Since I posted the very exciting news of a TEDx event in the works for Buffalo, I have received numerous emails and on-the-street responses from enthusiasts and naysayers. Granted some TEDx events are more successful than others–being granted the permission to host a TEDx event doesn’t automatically ensure that the event will be profound or well-executed.
And in Buffalo–a city I love and would never consider leaving–it is doubtful that anyone could announce the erection of a lemonade stand without encountering some kind of negative feedback, unasked for advice or unknown permitting process. So it is with a solid tablespoon of salt (rather than a single grain) that I would like to ask Buffalo Rising’s readers what they would hope to see happen at the first TEDxBuffalo. And secondly, what they think the results of that hope–were it to come to fruition–would be.
I have a fair share of my own opinions, those close to me will tell you that bringing a TEDx event to WNY has been on my list of things to do for a reasonable amount of time. I laud organizer Susan Lynne Cope’s efforts and look forward to the day when the final plans are in place and we are able to see, fully formed, what this event will look like, who will agree to speak, where it will be held, and, foremost on this foodie’s mind–what will be offered for lunch!
All kidding aside, this morning when we were taping Buffalo Rising’s Roundtable with WBFO’s Mark Scott (look for the post on Monday), I expressed my desire to see at least one very innovative speaker who is not from our region. I do think that there are a lot of local geniuses and idea people who may not have had a public forum in the past and have important things to share, but I also think that we can really learn from positive and successful examples that come from outside of WNY. On a side note, geniuses and experts are not always great public speakers, and given TEDx’s format, big personalities and public speaking skills are definitely required for the job.
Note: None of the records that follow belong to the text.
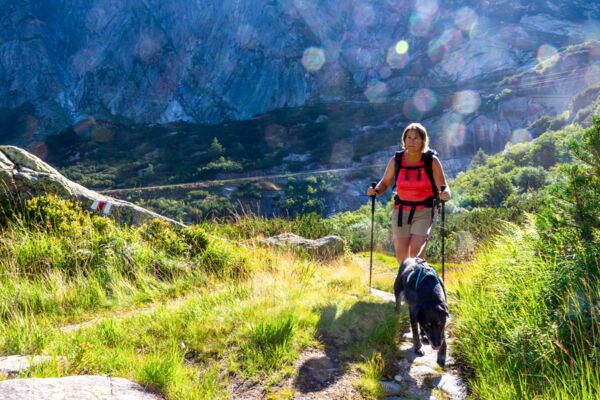 Betriebsamkeit und Ruhe am Grimselpass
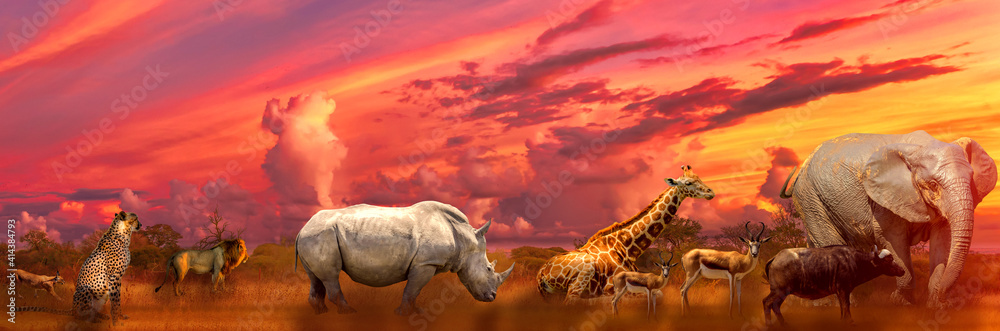 Banner panorama of Big Five and wild animals collage with african landscape  at sunrise in Serengeti wildlife area, Tanzania, East Africa. Africa safari  scene in savannah landscape. Stock Photo | Adobe Stock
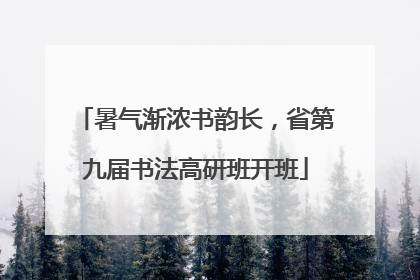暑气渐浓书韵长，省第九届书法高研班开班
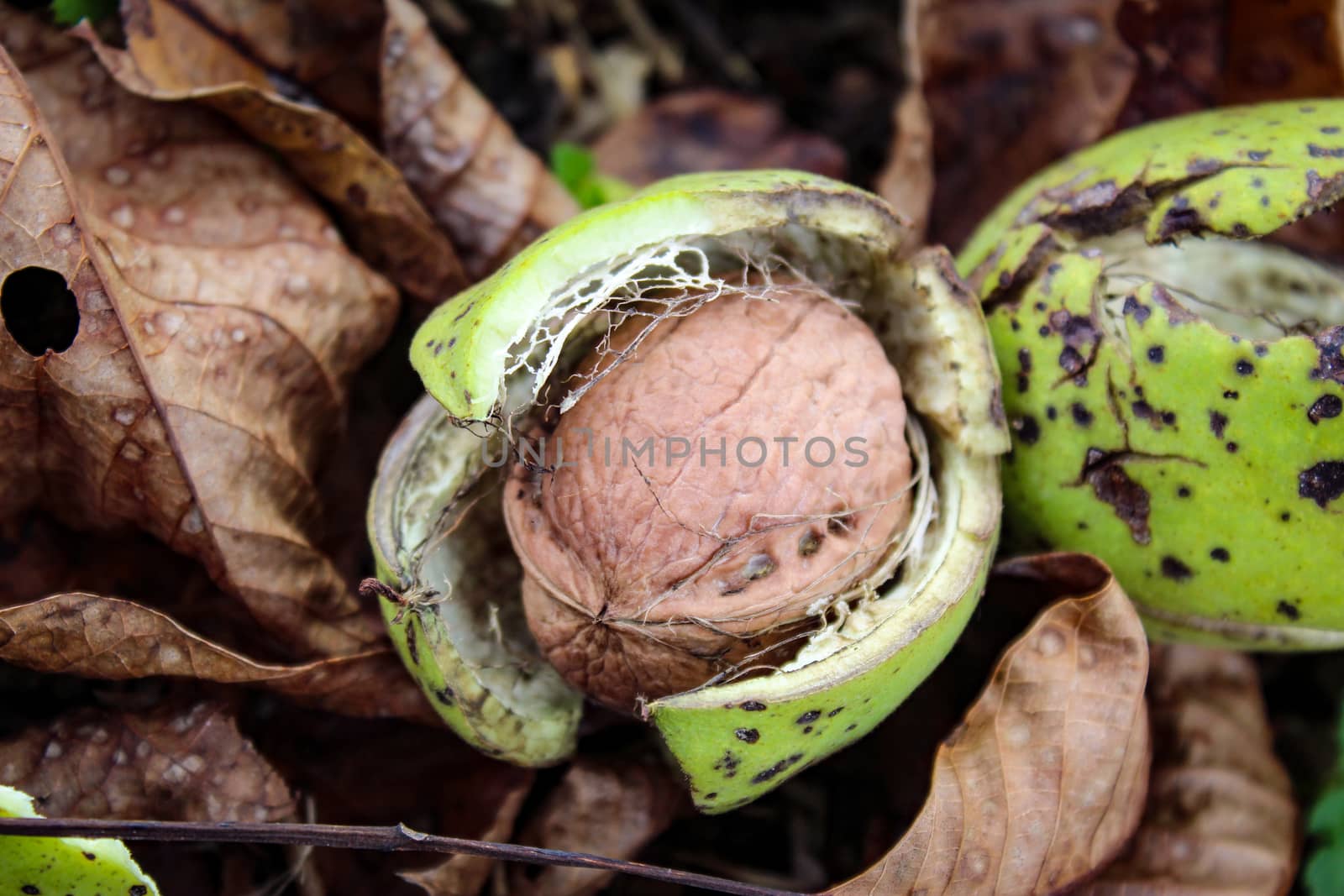 Walnut, fruit, green shell, leaves and grass. Zavidovici, Bosnia and Herzegovina.
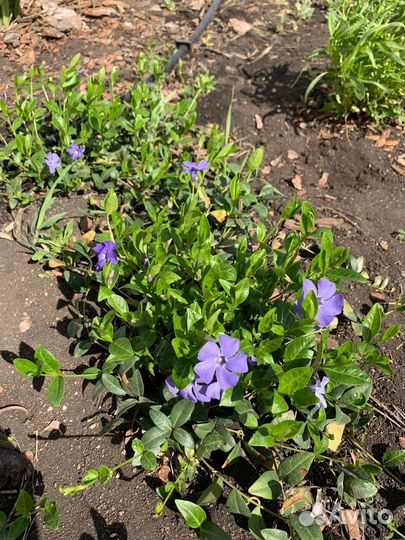 Почвопокровные многолетники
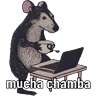 Stickers Animales miados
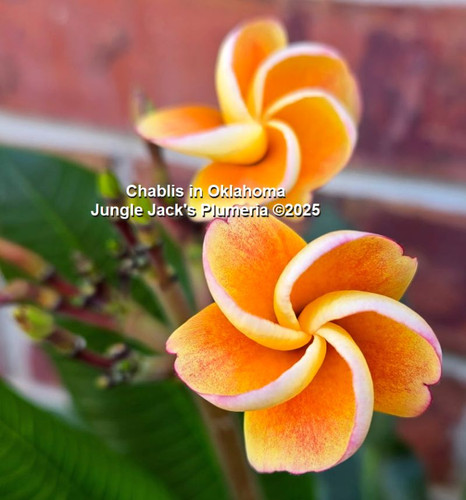 Chablis plumeria photo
Cope’s website states that the theme of the conference will be What Buffalo Needs Now!, and I appreciate what appears to be an effort to focus on today (real building blocks and tools for change) rather than the future (sometimes enrobed in hypotheses and wishful thinking). Also of note is the TEDxBuffalo mission statement: “With community involvement and active participation from the city’s residents, we can rebuild the East Side, bring new employment opportunities to the city and create a sustainable infrastructure for our future and future generations. Change starts with you.”
As an advocate for the local food movement and reinvestment in our own economy, I can easily agree and see where Cope is heading with this plan, but does anyone fear the subject too broad, or conversely, too narrow?
Who could come here and, in 18 minutes, change the way Buffalo thinks and feels about itself? Who could ignite 100 ReUse’s or 100 MAP’s? Who could inspire 100 urban farmers or 100 Prish Moran’s? Because that is, after all, what we hope will come from TEDx. With an audience of only 100 people, the ideal result is 100 people ready to fight fire with fire, to never take no for an answer and to build their own Little Engine That Could from virtually nothing.
So who do you want to see at TEDxBuffalo 2010 (dream big here people, it can’t hurt), and why? What do you envision as the optimal outcome from TEDxBuffalo 2010? If someone connected to the event asked you for your two cents, what would they be?